Aero Girl's new brush with fame as artist
Rose Wylie has become the latest winner of the John Moores Prize, one of the most prestigious painting awards in the country. Provided to China Daily |
Rose Wiley, 80, wins one of Briton's most prestigious art awards - more than 60 years after she started studying at art school.
As an impoverished art student Rose Wylie posed for a painting to illustrate a nationwide advertising campaign for Aero bars aimed at women, with the slogan that this chocolate was "different".
That was more than 60 years ago, but Ms Wylie has now found fame in her own right. The 80-year-old has become the latest winner of the John Moores Prize, one of the most prestigious painting awards in the country.
With her work recently displayed in galleries in Washington, New York and Amsterdam Ms Wylie is not exactly an overnight sensation. It's unlikely many people beyond the art cognoscenti will have heard of her until today.
But the John Moores Prize, presented to her at the Walker Art Gallery in Liverpool on September 19, has finally established Ms Wylie's place among the pantheon of Britain's leading artists.
She said: "My sort of age group don't think about recognition, we just think about getting on with the work.
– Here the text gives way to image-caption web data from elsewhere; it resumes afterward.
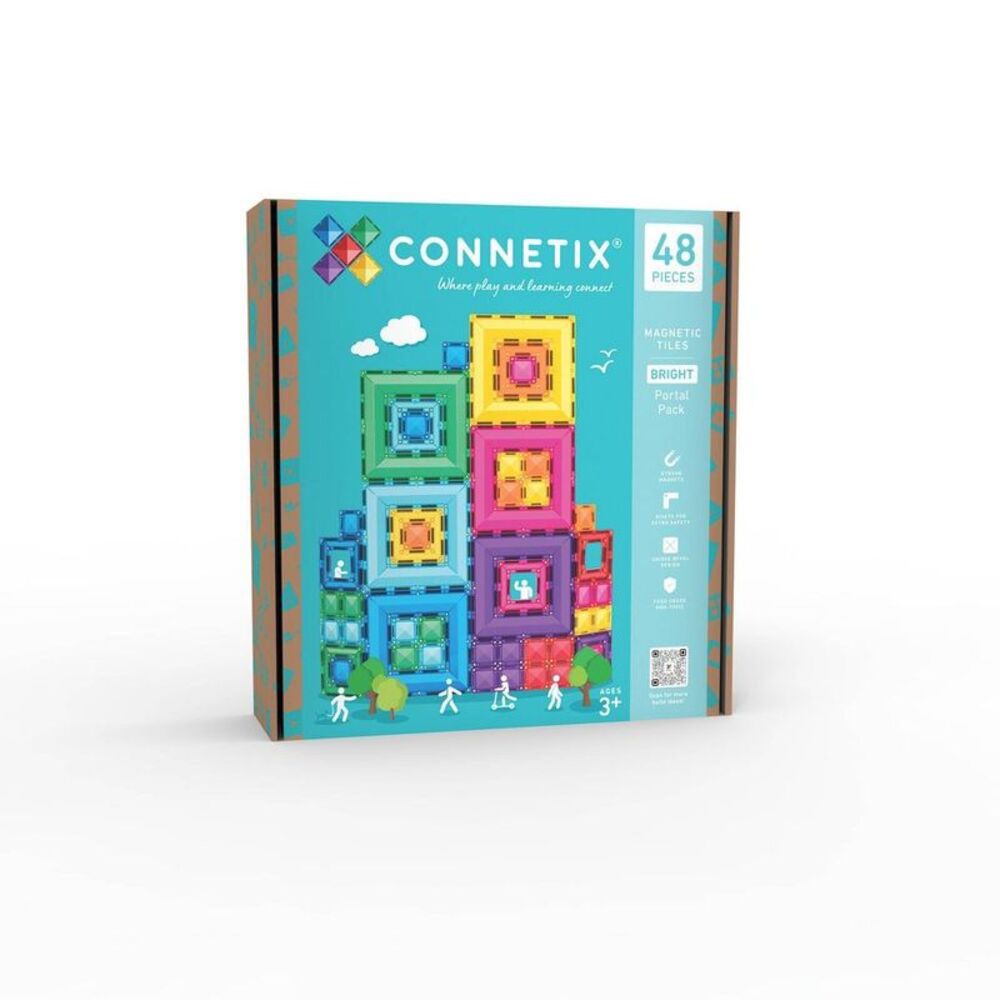 CONNETIX -  Magnetic Tiles Bright Portal Pack 48pc Blue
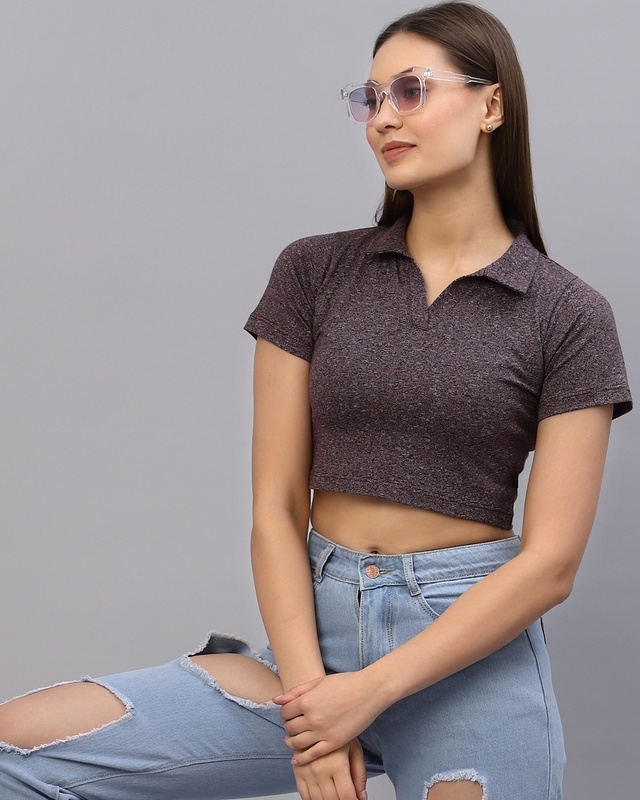 Shop Women's Maroon Slim Fit Short Top-Front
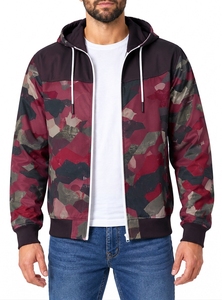 Veste à capuche zippée camouflage violette pour homme, style décontracté hip-hop, manteau bomber d'automne - Product Image 6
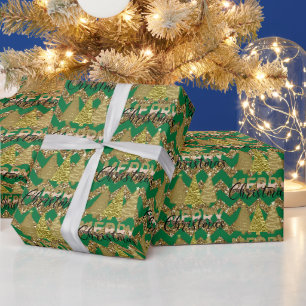 Papel De Presente Árvore de Natal com brilho verde e dourado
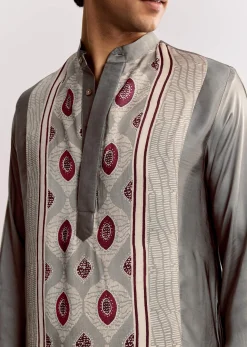 Ajrakh Printed Silk Kurta Set In Silk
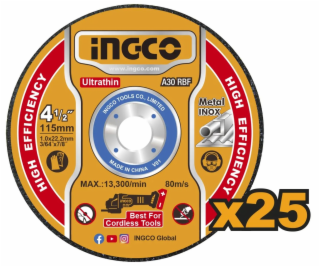 Ingco MCD11011525 Kotouč řezný kov 115x1,2x22,2mm, sada 25ks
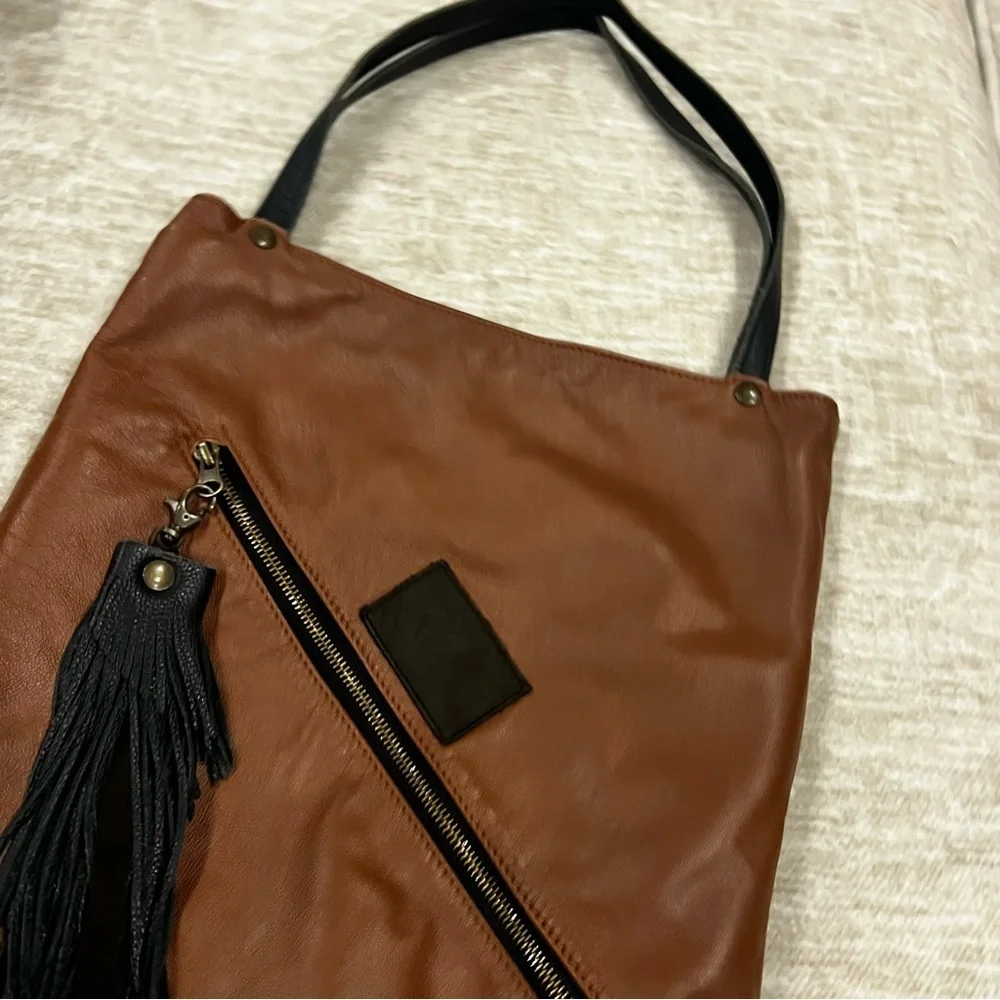 Handmade Brown‎ Leather Tote Bag with Black Tassel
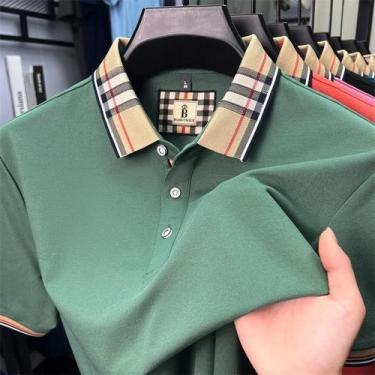 Imagem de Camisa Polo Masculina De Luxo Em Seda E Algodão Para O Verão, Manga Cu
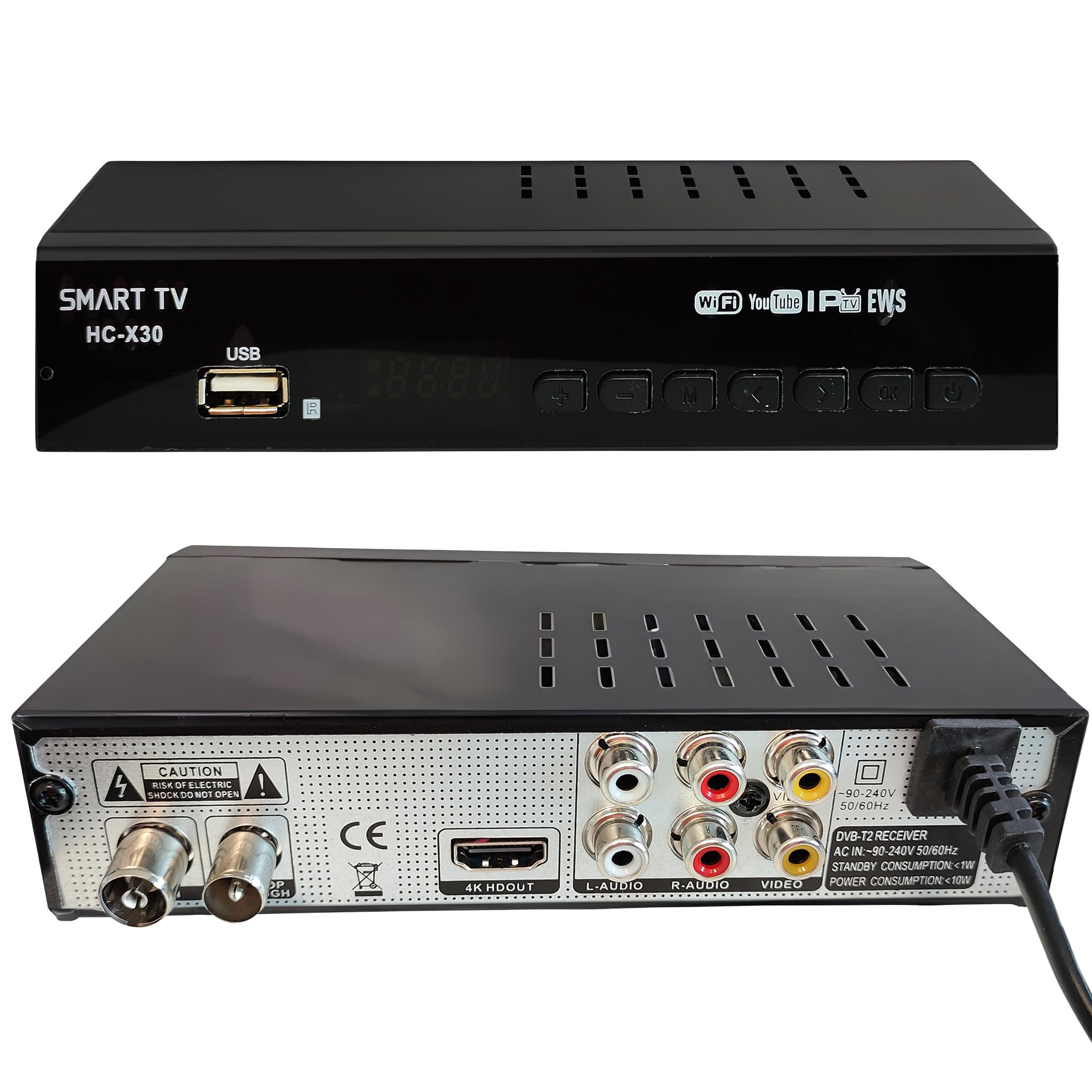 Retoo DVB-T2 Receiver, Tuner, Empfang Aller freien SD und HD, H.264, H.265, HDMI 1.4, 10bit HEVC, USB 2.0, LAN, Full-HD 1080p, Digital TV Kabelreceiver mit Fernbedienung Terrestrischer Decoder Schwarz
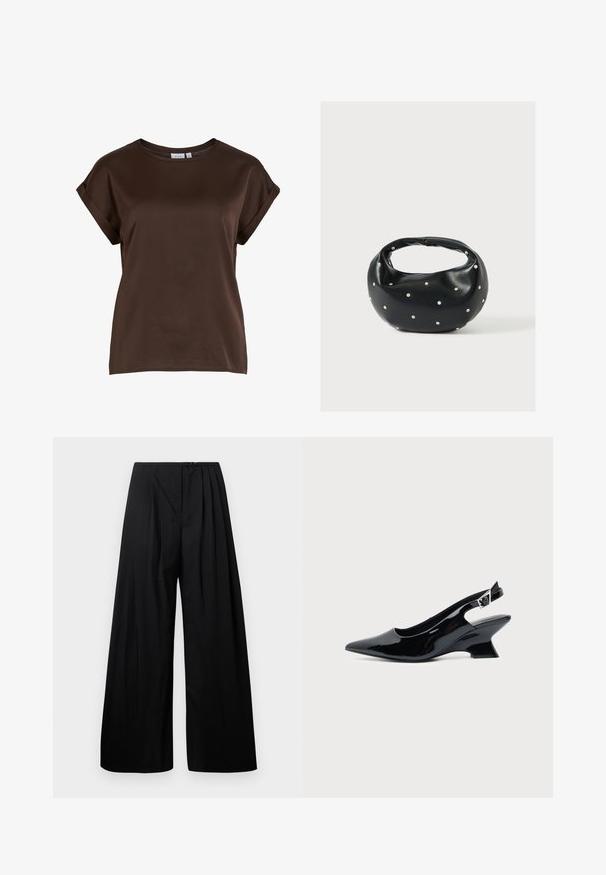 Top marrón de manga corta con un escote redondo, confeccionado en tela suave, con mangas enrolladas y un corte relajado. Etiqueta de la marca visible.; Pantalones de pierna ancha negros con cintura alta, que cuentan con pliegues verticales y cierre de botón. Textura suave, diseño minimalista.; Zapato slingback de cuero charol negro con puntera puntiaguda y tacón bajo en bloque inclinado sobre fondo claro liso.; Bolso de mano de cuero negro con forma redondeada, decorado con detalles de tachuelas plateadas y un asa corta. Textura lisa y cierre con cremallera.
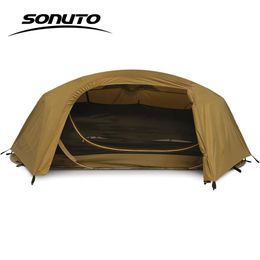 Tiendas de campaña y refugios Al aire libre Sola aleación de aluminio Tienda ligera Nylon Cabina táctica Campamento Cama Mosquitera Anti-Mosquito Campo impermeable 231024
This sudden interest is peculiar and it's certainly unexpected, but it's wonderful."
The prize comes some 60 years after Ms Wylie - who describes herself tongue-in-cheek as "blinking old" - took up her studies at Folkestone and Dover School of Art, where she subsidised her income by working as an artist's model.
The celebrated portrait painter Anthony Devas painted her as one of a series of women for the Aero Girls advertising campaign in the 1950s, and her face appeared on posters, newspaper and television advertisements above the slogan "Different for her, Aero - the milk chocolate that's different!"
The paintings, including the one of Ms Wylie, were only recently rediscovered, gathering dust in boxes of paperwork from the Rowntree chocolate makers, held at the archives of the University of York's Borthwick Institute.
Ms Wylie had almost forgotten the painting, until one of her children told her about a project to track down the models who sat for the series.
She cannot remember how much she was paid for the sitting, but she did not like the result - too 'chocolate box' for her.
Now, of course, Ms Wylie is the one who decides how the subject appears, including Nicole Kidman, the Hollywood superstar, who she painted earlier this year in the guise of a child, after seeing pictures of her at a film premiere.
From the back, Kidman looked as if she didn't have anything on her top half, except for a single black strap. "Only children would dress like that," said Wylie.
She has also painted Chelsea footballer John Terry as King Solomon and her work - described by critics as "exaggeratedly naive" and "quasi-cartoonish" - has something of a following among the A-list.
Puff Daddy, the rapper and music producer, owns a painting by Ms Wylie bought for him by Naomi Campbell in Miami. Another of her paintings shows Richard Branson being interviewed on television, partially hidden by a giant armchair.
Ms Wylie told The Sunday Telegraph she likes to paint the famous because it provides her viewers with a recognisable model.
"When you paint a celebrity people can see how much you've transformed them and how much of their character you've retained or interpreted, in a way that would be harder if it was a member of your family or a friend," she said.
"When I chose to paint John Terry as King Solomon I wanted someone who was instantly recognisable as rich."
After leaving art college Ms Wylie married fellow artist Roy Oxlade, who died in February, aged 85, and gave up painting to raise their family. She picked up her brushes again when she was in her mid-40s and resumed her training, this time at the Royal College of Art, in London.
Four years ago, at the age of 76, Ms Wylie was chosen to represent Britain in the Women to Watch exhibition at the National Museum of Women in the Arts, in Washington DC - for a show exhibiting "up-and-coming artists".
The event, along with a number of other key shows and an interview with Germaine Greer, raised her profile and suddenly she found demand for her paintings.
She said: "It happened when a number of things came together, as is often the case. I'd been painting pretty obsessively for years and there was so much of my work around the house it was getting difficult to know what to do with it.
"Now the process has been reversed and the paintings are going out of the house and it's lovely they are being seen more widely."
The painting for which she won the 25,000 John Moores Prize - whose previous winners include David Hockney and Richard Hamilton - is titled PV Windows and Floorboards and shows figures at a private view in an art gallery.
Ms Wylie says she draws inspiration from the excitement of what she sees around her, whether personal events or in films and newspapers, and says she often tries to draw what would normally be stereotypes from an un-stereotypical viewpoint, something she calls "conceptual projection".
The John Moores Prize, founded in 1957 and part of the Liverpool Biennial arts festival, has no upper age limit, unlike the Turner Prize, which excludes artists over the age of 50.
Sandra Penketh, director of Liverpool's art galleries, said: "Rose's personal story is very exciting. At 80 years old she happens to be double the average age of previous winners.
"Her style is fresh, unpredictable and cutting edge."